If you’ve seen any trailers for this film you might be tempted to think of it as this year’s Crouching Tiger, Hidden Dragon. It isn’t. First of all it isn’t quite as good, but secondly the story is very different. Yes, both feature stunning martial arts displays, including fighting in tree-tops and across water, but they differ in many respects.
The story centre’s around the Nameless hero who comes to the King of Qin in order to present him with three weapons, as a sign that he has defeated the three greatest assassins; Sky, Snow and Broken Sword. Nameless then proceeds to tell how he obtained the spear and two swords.
Things are not that simple however, and the King offers a different interpretation to events. He does not believe that Nameless is the saviour he makes out to be.

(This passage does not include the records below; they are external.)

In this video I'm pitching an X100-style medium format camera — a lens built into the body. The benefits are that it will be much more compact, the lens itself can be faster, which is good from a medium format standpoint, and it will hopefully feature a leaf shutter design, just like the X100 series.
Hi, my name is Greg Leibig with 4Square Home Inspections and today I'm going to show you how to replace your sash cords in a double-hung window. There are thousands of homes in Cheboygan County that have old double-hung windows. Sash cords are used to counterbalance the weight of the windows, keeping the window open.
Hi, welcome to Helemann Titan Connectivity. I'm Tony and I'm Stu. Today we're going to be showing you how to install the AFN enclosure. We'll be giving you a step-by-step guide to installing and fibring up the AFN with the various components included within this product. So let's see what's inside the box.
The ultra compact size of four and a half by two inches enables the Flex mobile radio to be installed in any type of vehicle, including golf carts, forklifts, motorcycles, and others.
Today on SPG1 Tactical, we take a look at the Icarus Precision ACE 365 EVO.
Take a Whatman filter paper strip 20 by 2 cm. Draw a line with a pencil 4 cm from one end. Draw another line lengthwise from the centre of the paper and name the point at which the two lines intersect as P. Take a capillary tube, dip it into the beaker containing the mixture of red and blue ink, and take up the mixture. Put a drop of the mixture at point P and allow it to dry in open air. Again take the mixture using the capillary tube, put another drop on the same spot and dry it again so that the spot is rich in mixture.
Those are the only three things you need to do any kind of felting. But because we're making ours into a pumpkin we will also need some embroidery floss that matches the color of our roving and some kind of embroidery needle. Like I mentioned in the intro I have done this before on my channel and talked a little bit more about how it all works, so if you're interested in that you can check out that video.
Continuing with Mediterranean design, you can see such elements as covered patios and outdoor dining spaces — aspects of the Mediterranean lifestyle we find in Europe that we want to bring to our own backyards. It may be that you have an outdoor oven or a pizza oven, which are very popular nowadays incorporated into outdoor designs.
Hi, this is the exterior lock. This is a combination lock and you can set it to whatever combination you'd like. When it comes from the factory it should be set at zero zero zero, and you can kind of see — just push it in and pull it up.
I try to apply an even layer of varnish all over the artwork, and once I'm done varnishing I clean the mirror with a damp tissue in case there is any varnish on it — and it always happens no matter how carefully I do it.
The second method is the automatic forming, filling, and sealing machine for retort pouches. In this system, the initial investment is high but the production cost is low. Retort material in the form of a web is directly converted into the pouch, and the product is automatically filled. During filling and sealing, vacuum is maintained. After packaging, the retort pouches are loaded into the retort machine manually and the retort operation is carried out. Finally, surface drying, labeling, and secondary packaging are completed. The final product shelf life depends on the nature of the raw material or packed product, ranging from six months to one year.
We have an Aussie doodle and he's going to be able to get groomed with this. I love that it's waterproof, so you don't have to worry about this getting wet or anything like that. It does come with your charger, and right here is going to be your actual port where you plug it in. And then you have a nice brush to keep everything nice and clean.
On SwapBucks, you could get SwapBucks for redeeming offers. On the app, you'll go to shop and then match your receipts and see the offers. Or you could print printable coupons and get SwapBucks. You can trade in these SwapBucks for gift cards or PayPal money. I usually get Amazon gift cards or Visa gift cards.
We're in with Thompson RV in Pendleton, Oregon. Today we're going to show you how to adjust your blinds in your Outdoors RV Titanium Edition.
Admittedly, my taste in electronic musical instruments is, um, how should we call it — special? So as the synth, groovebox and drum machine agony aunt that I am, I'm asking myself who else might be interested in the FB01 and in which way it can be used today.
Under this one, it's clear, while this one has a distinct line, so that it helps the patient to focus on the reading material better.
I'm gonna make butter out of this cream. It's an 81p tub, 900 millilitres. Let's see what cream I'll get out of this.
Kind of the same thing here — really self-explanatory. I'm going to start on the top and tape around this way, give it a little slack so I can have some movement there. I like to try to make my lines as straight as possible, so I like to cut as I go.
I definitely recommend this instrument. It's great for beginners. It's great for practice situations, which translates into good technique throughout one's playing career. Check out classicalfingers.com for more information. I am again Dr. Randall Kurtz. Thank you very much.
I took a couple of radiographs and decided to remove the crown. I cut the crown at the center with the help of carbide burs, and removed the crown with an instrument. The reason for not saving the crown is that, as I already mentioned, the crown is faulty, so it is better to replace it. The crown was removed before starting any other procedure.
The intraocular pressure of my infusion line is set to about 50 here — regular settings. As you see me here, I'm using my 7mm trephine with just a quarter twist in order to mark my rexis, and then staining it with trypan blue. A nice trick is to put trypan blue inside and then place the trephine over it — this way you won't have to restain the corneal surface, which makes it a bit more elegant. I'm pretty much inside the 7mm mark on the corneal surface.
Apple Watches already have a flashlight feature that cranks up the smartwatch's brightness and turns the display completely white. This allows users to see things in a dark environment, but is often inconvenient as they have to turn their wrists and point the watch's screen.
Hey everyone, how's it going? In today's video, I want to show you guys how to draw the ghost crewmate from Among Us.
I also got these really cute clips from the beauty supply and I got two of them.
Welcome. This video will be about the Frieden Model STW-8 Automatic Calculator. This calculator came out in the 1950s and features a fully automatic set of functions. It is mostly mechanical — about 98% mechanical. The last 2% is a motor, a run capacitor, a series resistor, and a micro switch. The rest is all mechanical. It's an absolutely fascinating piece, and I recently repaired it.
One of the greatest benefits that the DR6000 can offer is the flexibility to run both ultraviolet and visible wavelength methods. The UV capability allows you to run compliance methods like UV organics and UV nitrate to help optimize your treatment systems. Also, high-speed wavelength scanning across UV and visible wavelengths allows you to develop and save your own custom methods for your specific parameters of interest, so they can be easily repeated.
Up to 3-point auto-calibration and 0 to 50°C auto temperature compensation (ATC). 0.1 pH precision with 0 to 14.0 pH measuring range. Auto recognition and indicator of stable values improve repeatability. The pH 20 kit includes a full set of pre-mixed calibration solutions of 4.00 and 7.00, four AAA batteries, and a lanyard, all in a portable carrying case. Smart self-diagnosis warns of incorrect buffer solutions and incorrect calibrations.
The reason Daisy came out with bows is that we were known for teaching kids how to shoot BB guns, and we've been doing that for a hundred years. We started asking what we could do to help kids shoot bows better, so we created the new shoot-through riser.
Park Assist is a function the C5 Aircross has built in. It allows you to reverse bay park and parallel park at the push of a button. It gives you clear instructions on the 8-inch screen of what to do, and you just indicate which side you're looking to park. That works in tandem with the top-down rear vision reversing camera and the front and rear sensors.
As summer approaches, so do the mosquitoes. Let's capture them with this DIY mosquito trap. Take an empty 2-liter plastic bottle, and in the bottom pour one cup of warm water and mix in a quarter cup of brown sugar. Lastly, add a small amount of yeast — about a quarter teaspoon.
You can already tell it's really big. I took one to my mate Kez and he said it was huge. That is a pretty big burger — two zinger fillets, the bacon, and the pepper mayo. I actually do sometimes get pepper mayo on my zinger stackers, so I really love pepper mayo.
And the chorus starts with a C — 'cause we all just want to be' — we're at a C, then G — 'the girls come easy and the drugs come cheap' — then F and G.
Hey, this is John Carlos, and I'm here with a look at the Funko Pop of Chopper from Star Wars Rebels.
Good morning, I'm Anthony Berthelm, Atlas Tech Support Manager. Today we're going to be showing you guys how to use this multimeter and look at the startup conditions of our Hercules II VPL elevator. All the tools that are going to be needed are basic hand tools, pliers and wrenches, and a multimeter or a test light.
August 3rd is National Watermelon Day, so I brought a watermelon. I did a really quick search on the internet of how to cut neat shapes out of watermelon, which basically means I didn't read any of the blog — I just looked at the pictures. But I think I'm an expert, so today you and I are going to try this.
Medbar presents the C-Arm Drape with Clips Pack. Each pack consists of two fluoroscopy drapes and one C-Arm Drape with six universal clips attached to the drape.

The story is set in China around 2,000 years ago, and tells of how the King of Qin set out to ruthlessly conquer the six kingdoms, and to enforce peace.
Visually the film is stunning, there is no doubt. And the fight scenes are more than entertaining. But overall the film is quite distant from the audience. Perhaps it is because the culture is so foreign to me? Or maybe it is simply the style, I don’t know. But I never really engaged with any of the characters, well perhaps a small bit at the end, but I still didn’t really understand their actions.
What I found really interesting about this film is that the central moral seems so different from what one would expect in a “western” film.Show Spoiler ▼
I’m not saying that western culture is inherently selfish, although that could be argued. It is more that society is founded on individuals and their rights, rather than individuals making up a society (if that makes sense).
And as for the notion of making war to enforce peace? Of reducing all differences to form one culture in order to do away with difficulty between people. That I do not agree with.